Recordando al jato chiclero en la canción “el Chiclerito”, nos recordó que el baile del chiclerito “es movidito” como el sambay y el sambay macho, esos “ritmos tropicales de nuestra antigua región”. Y en la selva, en lo más tupido de la selva chiclera una tambora era una lata, y con esto se armaba la bachata al ritmo de un marimbol que alguien trajo de los pueblos del Hondo. Pero don Policarpo, al escribir y cantar sus canciones, sabía que el tiempo inexorable jugaba en el presente, pues “de aquel viejo Payo Obispo y sus centrales chicleras solo el recuerdo quedó”, y de las antes ubérrimas selvas milenarias del Territorio que cubrieron ciudades mayas, “el progreso lo arrasó”. Y en el jato se construiría una y otra vez la identidad musical del antiguo Territorio, y de ahí se nutrió en demasía el cantor de la selva quintanarroense

El marimbol: instrumento musical del Caribe y el caribe mexicano.

Al caer la noche, en el «jato» chiclero la guitarra comenzaba a ser rasgada, generalmente un tuxpeño era la que la hacía sonar. Y por un momento, el ruidero de la noche, la miríada de pájaros que buscaban refugio en los zapotales sangrantes durante el día, era ocupado por el sonido de las voces de aquellos caminantes solitarios, de aquellos gambusinos de la selva, los viejos chicleros.

Voces africanas de belfos interminables que vivían del otro lado del Hondo, voces mayas bañadas por su lengua tranquila; pero, sobre todo, voces de la lejana tierra del tuxpeño que ya no recordaba cómo era su tierra, si había montañas en ella, o si todo ha sido siempre como esta tupida y enmarañada selva que humedece hasta el más seco corazón.
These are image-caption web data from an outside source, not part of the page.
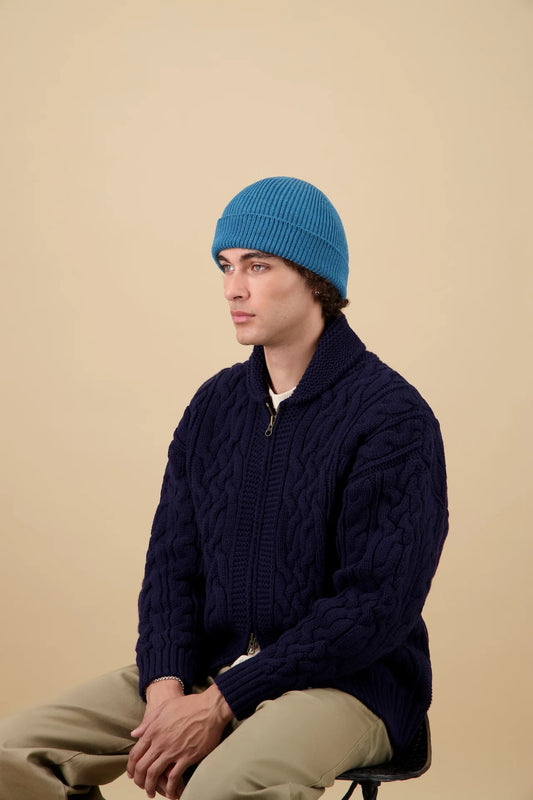 Bonnet en laine mérinos bleu canard profil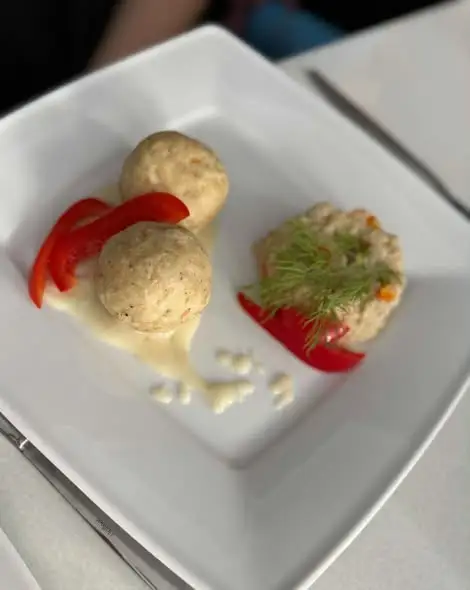 Uczniowie technikum gastronomicznego w Starym Brześciu rozpoczęli rok szkolny od praktycznych zajęć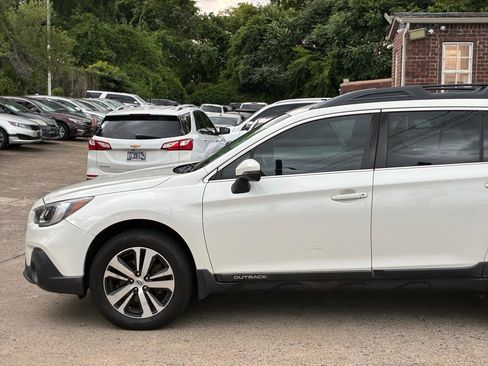 Used 2019 Subaru Outback 3.6R Limited w/ Popular Package #2 AWD/4WD image 11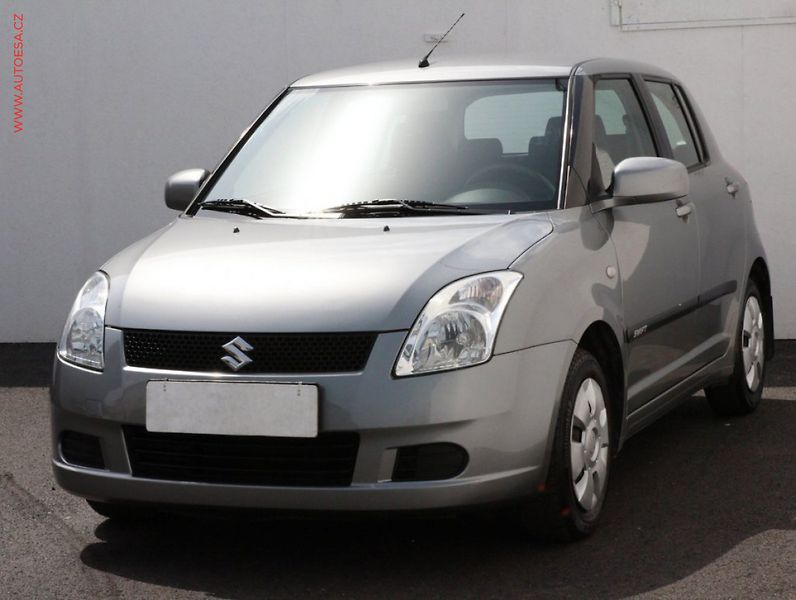 Suzuki Swift (2009) 1.3i, ČR, servis.kniha, AC - fotka 3 z 3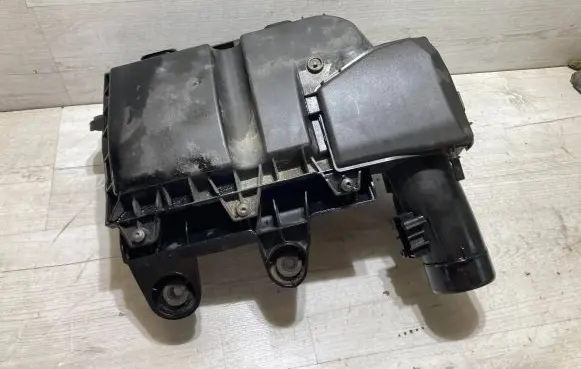 Citroen C3 Aircross Air filter box 9828002080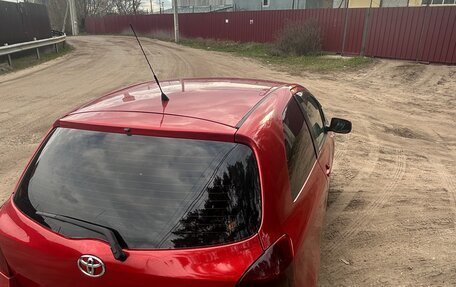 Toyota Yaris III рестайлинг, 2007 год, 420 000 рублей, 4 фотография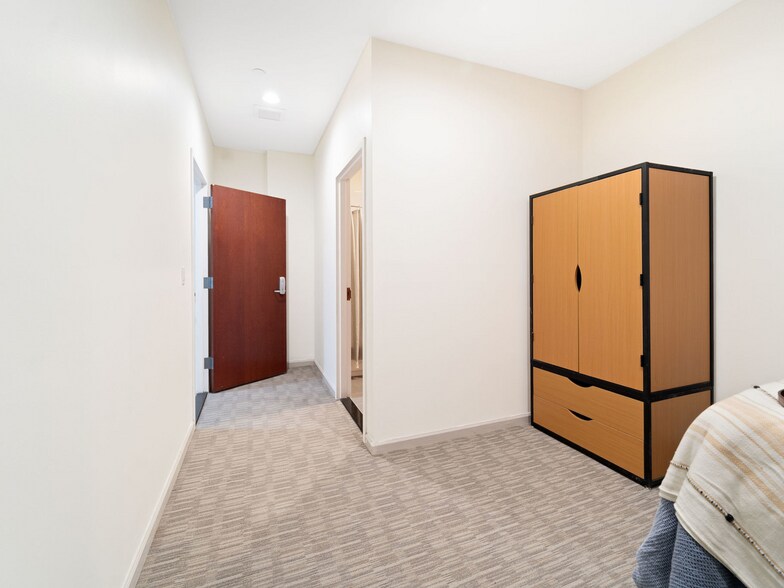 More Photos Of 19-21 Chenango St, Binghamton Apartments For Sale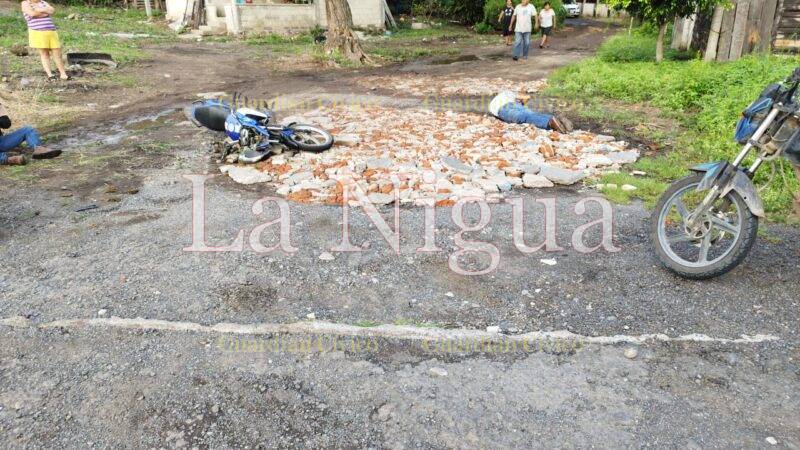 Camioneta atropella a motociclistas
Porque la vida cotidiana en el “Jato” era cruzada no sólo por el rugido del balam, y tampoco solamente por las jeremiqueadas del saraguato y del mono aullador, ni por el sonsonete de cigarra de la perenne lluvia que venía del Caribe y que bañaba a la selva para agosto y septiembre en lo mero bueno de la chicleada, y que a veces traía sus malhadados huracanes que empantanaban y jodían la temporada del chicle.

Estos hombres solitarios, algunos recordando sus jacales en Payo Obispo, en Yucatán o Veracruz, donde corrían sus hijos la polvareda de su pobreza antes de ser la siguiente generación de hombres solitarios, después de secar o humear sus trapos frente a la lumbre del jato, se daban el tiempo necesario para humanizar a esa selva que tanto conocían como al vientre de sus solitarias mujeres.

Y otros, viejos ya, y dueños únicamente de la memoria, dicen que a 100 metros de donde picaba por las mañanas y hacía escurrir la resina del zapote, el chiclero escuchaba a otro chiclero subido al árbol, picando como él y cantando canciones a la Montaña. Los chicleros cantaban de zapote en zapote, y a esos chicleros oyó a la perfección y nunca olvidó sus cantos don Policarpo Aguilar.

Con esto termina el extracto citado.